What to do: Exact repetition is the task: copy every entry below.

Records provided:
------
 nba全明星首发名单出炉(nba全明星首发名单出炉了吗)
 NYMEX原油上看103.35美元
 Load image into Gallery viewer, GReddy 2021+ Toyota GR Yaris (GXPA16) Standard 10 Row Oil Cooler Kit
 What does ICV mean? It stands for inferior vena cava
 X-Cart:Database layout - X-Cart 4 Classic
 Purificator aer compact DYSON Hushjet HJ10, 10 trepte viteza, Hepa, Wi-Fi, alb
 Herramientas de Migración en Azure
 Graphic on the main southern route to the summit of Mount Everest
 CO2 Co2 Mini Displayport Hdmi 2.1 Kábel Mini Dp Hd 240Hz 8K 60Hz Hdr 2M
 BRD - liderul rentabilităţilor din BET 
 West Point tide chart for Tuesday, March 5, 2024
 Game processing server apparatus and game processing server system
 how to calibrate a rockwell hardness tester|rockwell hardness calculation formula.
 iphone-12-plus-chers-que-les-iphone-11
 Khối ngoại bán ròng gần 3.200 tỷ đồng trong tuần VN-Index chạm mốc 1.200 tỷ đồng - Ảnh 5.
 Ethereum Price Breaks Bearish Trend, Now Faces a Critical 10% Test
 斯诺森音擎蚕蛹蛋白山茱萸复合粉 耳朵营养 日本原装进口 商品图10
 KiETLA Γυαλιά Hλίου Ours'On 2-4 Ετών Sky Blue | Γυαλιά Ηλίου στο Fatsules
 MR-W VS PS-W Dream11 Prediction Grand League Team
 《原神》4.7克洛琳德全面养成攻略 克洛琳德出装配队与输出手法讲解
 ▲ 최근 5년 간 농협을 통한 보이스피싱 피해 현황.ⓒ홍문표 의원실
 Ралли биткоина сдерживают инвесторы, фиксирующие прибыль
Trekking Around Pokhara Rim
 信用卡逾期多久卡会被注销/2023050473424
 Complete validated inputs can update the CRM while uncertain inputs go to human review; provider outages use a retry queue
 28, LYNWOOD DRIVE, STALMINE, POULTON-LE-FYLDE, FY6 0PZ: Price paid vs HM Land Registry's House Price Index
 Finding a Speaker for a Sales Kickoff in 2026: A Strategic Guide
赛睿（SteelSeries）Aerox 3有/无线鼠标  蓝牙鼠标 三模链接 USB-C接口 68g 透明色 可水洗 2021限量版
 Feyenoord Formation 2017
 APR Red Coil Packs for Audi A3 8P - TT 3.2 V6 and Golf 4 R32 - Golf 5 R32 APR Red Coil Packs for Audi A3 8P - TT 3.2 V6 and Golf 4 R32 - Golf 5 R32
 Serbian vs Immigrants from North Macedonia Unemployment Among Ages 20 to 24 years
------
Answer to this problem:
 nba全明星首发名单出炉(nba全明星首发名单出炉了吗)
 NYMEX原油上看103.35美元
 Load image into Gallery viewer, GReddy 2021+ Toyota GR Yaris (GXPA16) Standard 10 Row Oil Cooler Kit
 What does ICV mean? It stands for inferior vena cava
 X-Cart:Database layout - X-Cart 4 Classic
 Purificator aer compact DYSON Hushjet HJ10, 10 trepte viteza, Hepa, Wi-Fi, alb
 Herramientas de Migración en Azure
 Graphic on the main southern route to the summit of Mount Everest
 CO2 Co2 Mini Displayport Hdmi 2.1 Kábel Mini Dp Hd 240Hz 8K 60Hz Hdr 2M
 BRD - liderul rentabilităţilor din BET 
 West Point tide chart for Tuesday, March 5, 2024
 Game processing server apparatus and game processing server system
 how to calibrate a rockwell hardness tester|rockwell hardness calculation formula.
 iphone-12-plus-chers-que-les-iphone-11
 Khối ngoại bán ròng gần 3.200 tỷ đồng trong tuần VN-Index chạm mốc 1.200 tỷ đồng - Ảnh 5.
 Ethereum Price Breaks Bearish Trend, Now Faces a Critical 10% Test
 斯诺森音擎蚕蛹蛋白山茱萸复合粉 耳朵营养 日本原装进口 商品图10
 KiETLA Γυαλιά Hλίου Ours'On 2-4 Ετών Sky Blue | Γυαλιά Ηλίου στο Fatsules
 MR-W VS PS-W Dream11 Prediction Grand League Team
 《原神》4.7克洛琳德全面养成攻略 克洛琳德出装配队与输出手法讲解
 ▲ 최근 5년 간 농협을 통한 보이스피싱 피해 현황.ⓒ홍문표 의원실
 Ралли биткоина сдерживают инвесторы, фиксирующие прибыль
Trekking Around Pokhara Rim
 信用卡逾期多久卡会被注销/2023050473424
 Complete validated inputs can update the CRM while uncertain inputs go to human review; provider outages use a retry queue
 28, LYNWOOD DRIVE, STALMINE, POULTON-LE-FYLDE, FY6 0PZ: Price paid vs HM Land Registry's House Price Index
 Finding a Speaker for a Sales Kickoff in 2026: A Strategic Guide
赛睿（SteelSeries）Aerox 3有/无线鼠标  蓝牙鼠标 三模链接 USB-C接口 68g 透明色 可水洗 2021限量版
 Feyenoord Formation 2017
 APR Red Coil Packs for Audi A3 8P - TT 3.2 V6 and Golf 4 R32 - Golf 5 R32 APR Red Coil Packs for Audi A3 8P - TT 3.2 V6 and Golf 4 R32 - Golf 5 R32
 Serbian vs Immigrants from North Macedonia Unemployment Among Ages 20 to 24 years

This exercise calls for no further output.